> **Data excerpt**
════════════════════

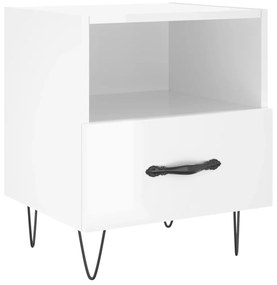 Comodini 2 pz Bianco Lucido 40x35x47,5 cm in Legno Multistrato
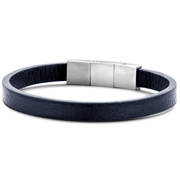 Frank 1967 7FB-0507 Men's Bracelet - Leather - Dark Blue - 21 cm - Silver colored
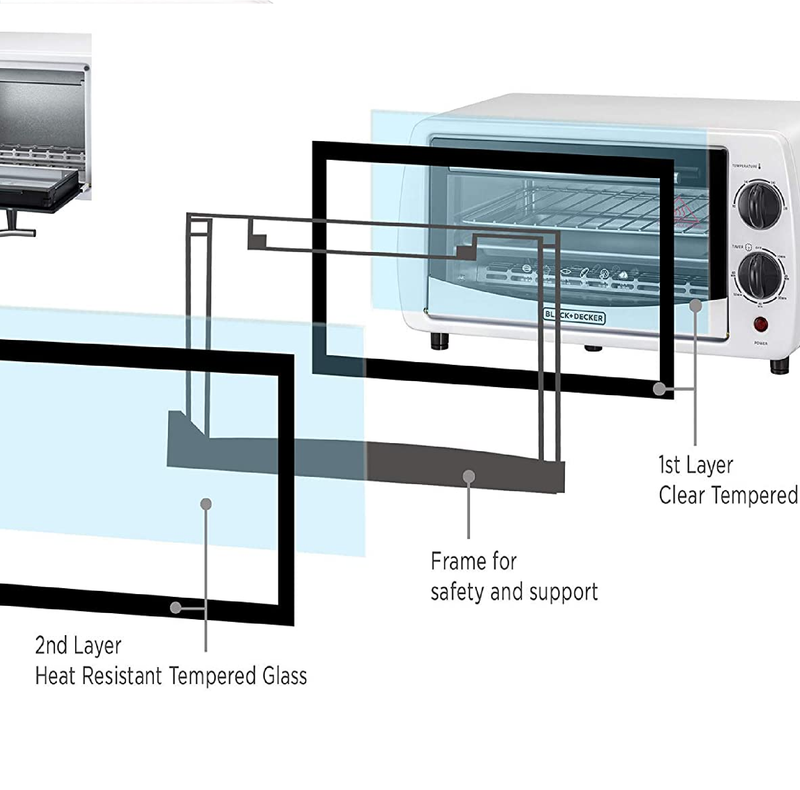 9L Double Glass Toaster Oven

════════════════════

> **Task statement**
Give back the material word for word and drop the pictures it holds.

> **Solution to the exercise**
 Comodini 2 pz Bianco Lucido 40x35x47,5 cm in Legno Multistrato
 Frank 1967 7FB-0507 Men's Bracelet - Leather - Dark Blue - 21 cm - Silver colored
 9L Double Glass Toaster Oven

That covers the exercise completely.